In this creative and cantankerous Belgian fairy tale directed and co-written by Jaco Van Dormael (Toto the Hero, The Eighth Day), God is not a kindly old man with a beard who watches over humankind. He is a violent, angry, and unhappy jerk (Benoit Poelvoorde) who lives in Brussels with his wife (Yolanda Moreau) and his 10-year-old daughter Ea (Pili Groyne). The two females spend a lot of their energy trying to cope with his surprise attacks on them. His son JC (David Murgia) has disappointed his father and been relegated to being a statue that occasionally talks.

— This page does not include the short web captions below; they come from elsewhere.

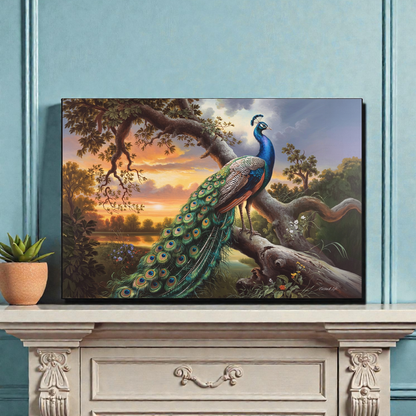 Framed painting of a peacock on a decorative fireplace mantle.
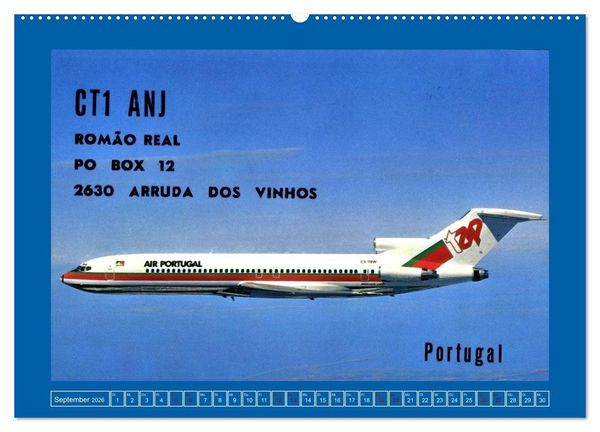 Produktbild: &Uuml;ber den Wolken - Flugzeuge des 20. Jahrhunderts auf Amateurfunkkarten (Wandkalender 2026 DIN A2 quer), CALVENDO Monatskalender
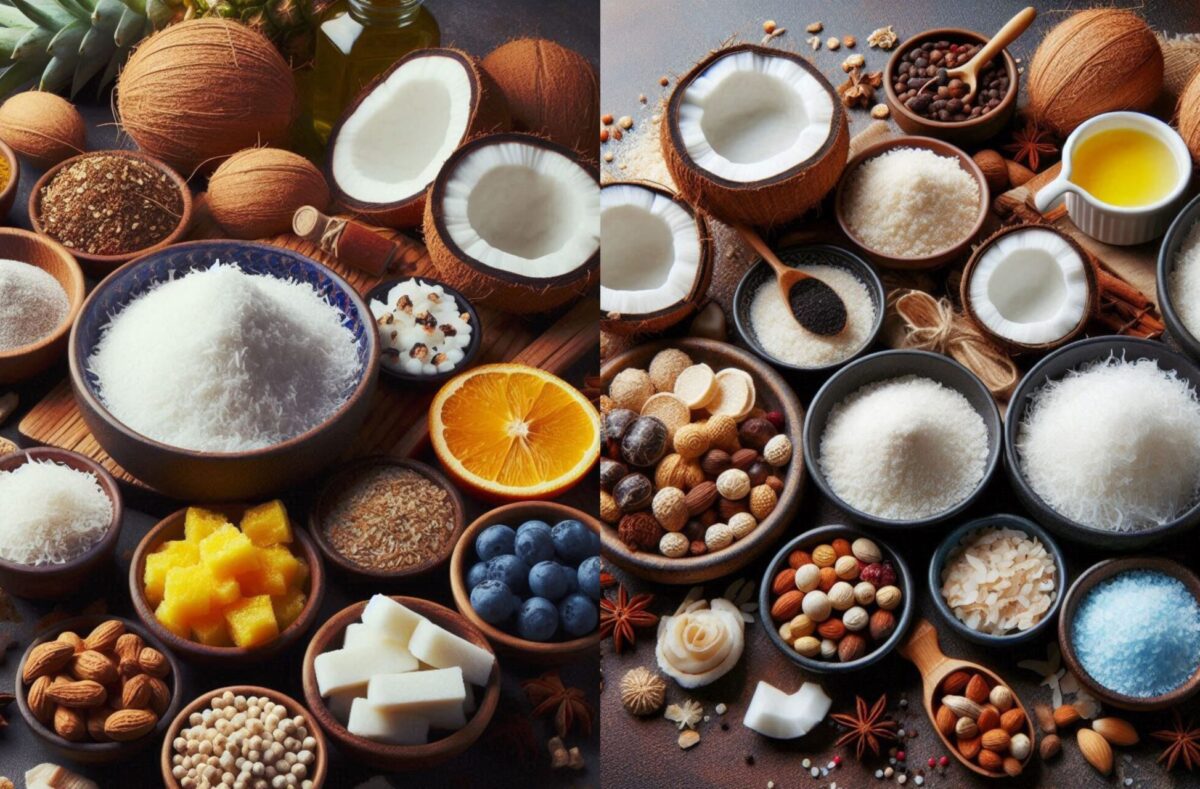 Collage showcasing desiccated coconut flakes, illustrating the versatility and texture of "what is desiccated coconut".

In her voice-over narration, Ea gives us a kooky explanation of her father's acts of creation. First, he filled the capital of Belgium with giraffes and ostriches but that didn't look right, so he fashioned human beings. We see one of them standing on a roof with his genitals digitally blacked out. He meets a woman and after much "begetting," the world fills up.

But it doesn't take God very long to grow bored with his creation and so he amuses himself by coming up with "Laws of Annoyance," such as "Other lines always move faster," "Just when you get into the bath, the phone rings," and "A fallen piece of toast always lands jam-side-down."

Ea loses it after seeing too many disasters and tragedies put in motion by her malevolent father. She decides to take away the one power he has over humanity, his knowledge of death. She breaks into his computer and sends an unsolicited text message to everybody in the world who has a smart phone revealing the date and time of their death. This forces some people to live in the present moment in gratitude while others see it as a chance to test the message's validity. (Watch the antics of one self-destructive kid told he has many years to live who repeatedly dives off high places.) As we squirm in our seats in the theatre, we are forced to ask what we would do if we knew the exact date and time of our death.

Realizing God won't take well to her interference, Ea crawls out of her home through a washing machine and begins her mission to gather disciples. Her brother has suggested she find six to add to his twelve; eighteen is the size of a baseball team – her mother's favorite sport. As Ea meets them, they miraculously show up as additions to Da Vinci's painting The Last Supper back home, much to her mother's delight.

Ea's other mission is to create a Brand New Testament. The gospel stories are to be contributed by the six disciples. They all are in need of a miracle to revive their lives and spirits. Aurelie (Laura Verlinden) is a pretty woman who fights loneliness after losing her arm in a subway accident. Francois (Francois Damiens), an insurance salesman who has always thought of himself as a killer, falls in love with her. Jean-Claude (Didier De Neck), a former adventurer, is liberated from his boring job by following a flock of birds to wherever they take him. Marc (Serge Lariviere), a socially awkward man who longs for a sexual relationship, has his heart is softened when he meets someone he admired as a young boy. Martine (Catherine Deneuvre), a bored housewife, finds what she's looking for in a gentle gorilla, and Willy (Romain Gelin), a sickly boy with only a week to live, decides to spend it as a girl. Their stories are copied down by a homeless old man (Marco Lorenzini) whom Ea has recruited to be her scribe.

Meanwhile, God, in a rage, follows her through the washing machine, determined to bring her back to restart his computer. Of course, nobody in the city believes him when he declares that he is God.

One of the best things about The Brand New Testament is its zany and sometimes touching depiction of the difference between an angry and aggressive God and the merciful and compassionate ministry of his daughter. It is thoroughly enchanting to see Ea introduce each disciple to his or her own inner music and to tell them the song or classical music that is their own. On several occasions, she uses a small cup to gather the tears of these transformed souls.

Ea is serious about her mission and by the end of this dramedy we have seen enough of the Divine Feminine (watch for Ea's mother as a surprise Goddess) in action to welcome her kind of spiritual enchantment as an alternative to our worn-out and conventional masculine paradigm of God. The daughters of God have wisdom to share with us, and the time is ripe for their updated and revised New Testaments.

The Brand New Testament is one of Most Spiritually Literate Films of 2016.